### AVAILABLE RECORDS

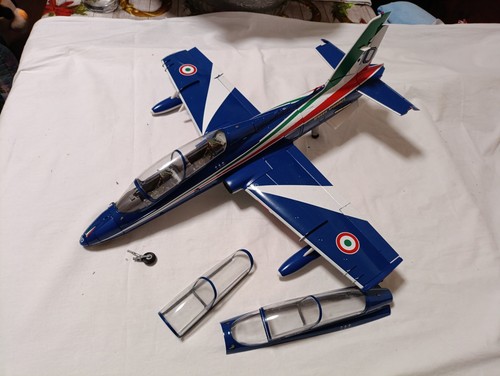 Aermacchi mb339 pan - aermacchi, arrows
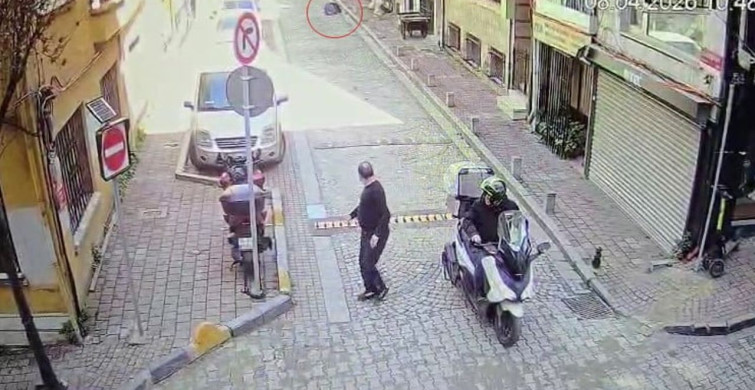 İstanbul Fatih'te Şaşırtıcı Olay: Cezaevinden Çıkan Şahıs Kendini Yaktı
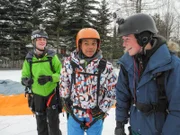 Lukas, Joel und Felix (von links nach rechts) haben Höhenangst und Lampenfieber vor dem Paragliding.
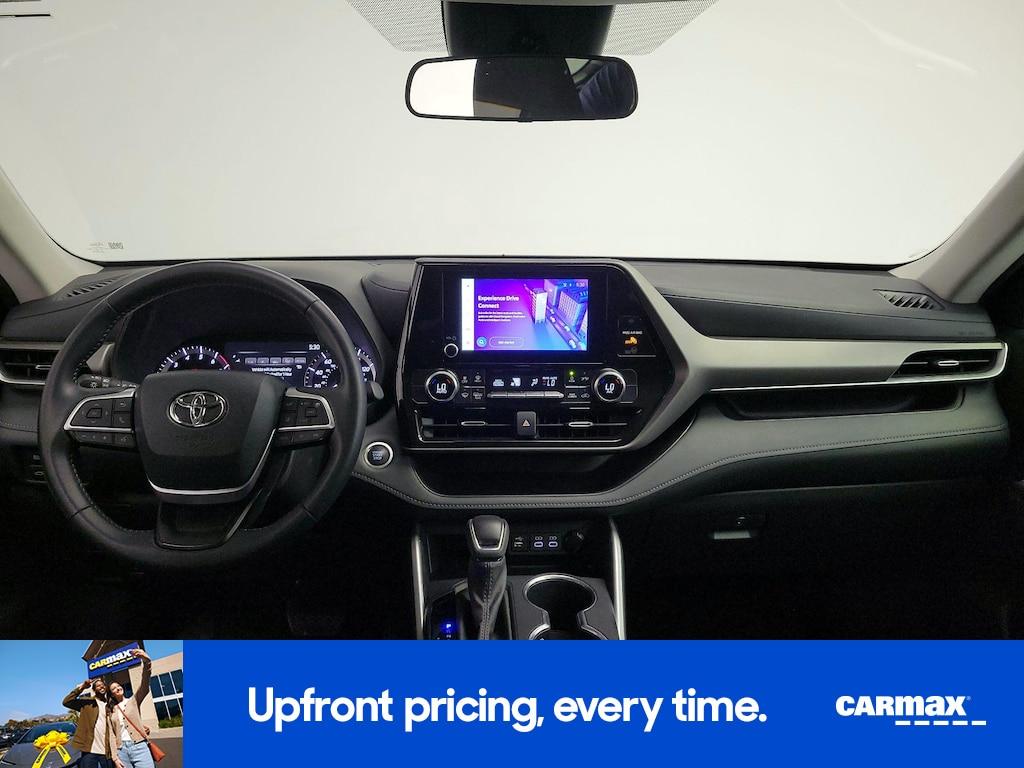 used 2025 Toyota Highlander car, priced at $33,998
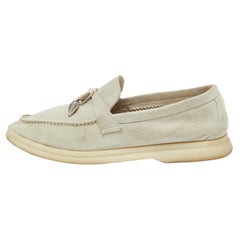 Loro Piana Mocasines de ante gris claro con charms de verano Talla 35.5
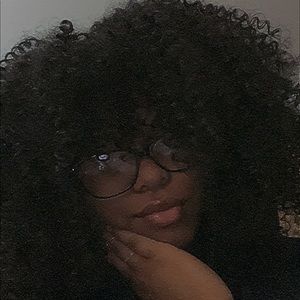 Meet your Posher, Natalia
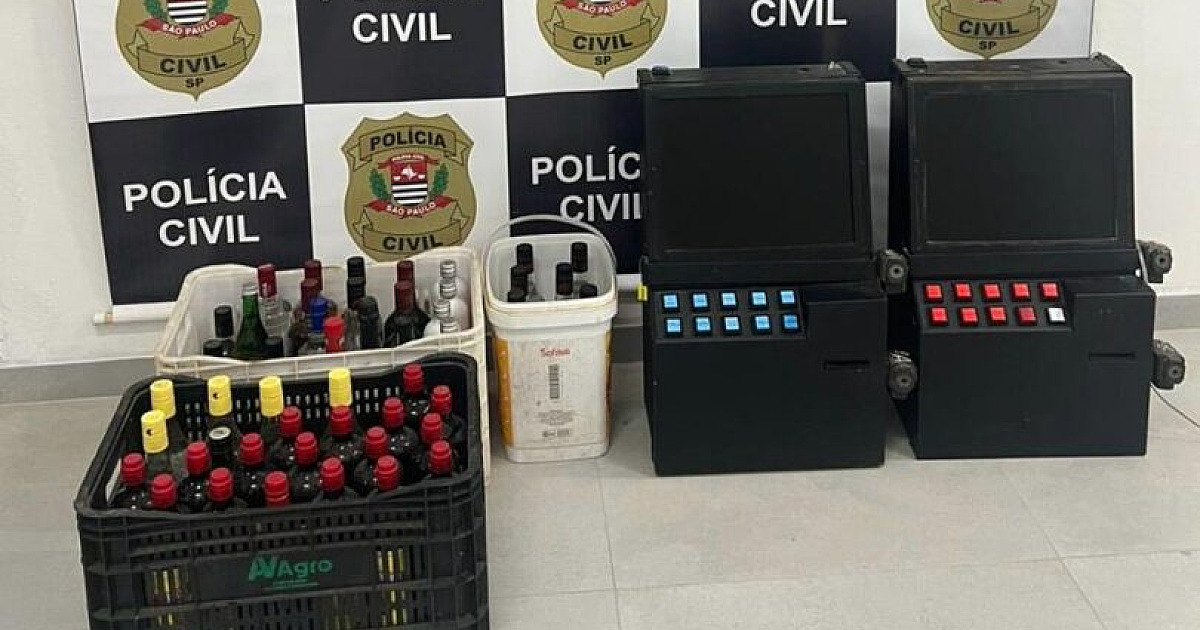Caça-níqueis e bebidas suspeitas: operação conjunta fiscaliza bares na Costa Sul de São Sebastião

######

Output everything in the records above word for word, but not the pictures.

RESULT OF THIS EXERCISE:
 Aermacchi mb339 pan - aermacchi, arrows
 İstanbul Fatih'te Şaşırtıcı Olay: Cezaevinden Çıkan Şahıs Kendini Yaktı
 Lukas, Joel und Felix (von links nach rechts) haben Höhenangst und Lampenfieber vor dem Paragliding.
 used 2025 Toyota Highlander car, priced at $33,998
 Loro Piana Mocasines de ante gris claro con charms de verano Talla 35.5
 Meet your Posher, Natalia
Caça-níqueis e bebidas suspeitas: operação conjunta fiscaliza bares na Costa Sul de São Sebastião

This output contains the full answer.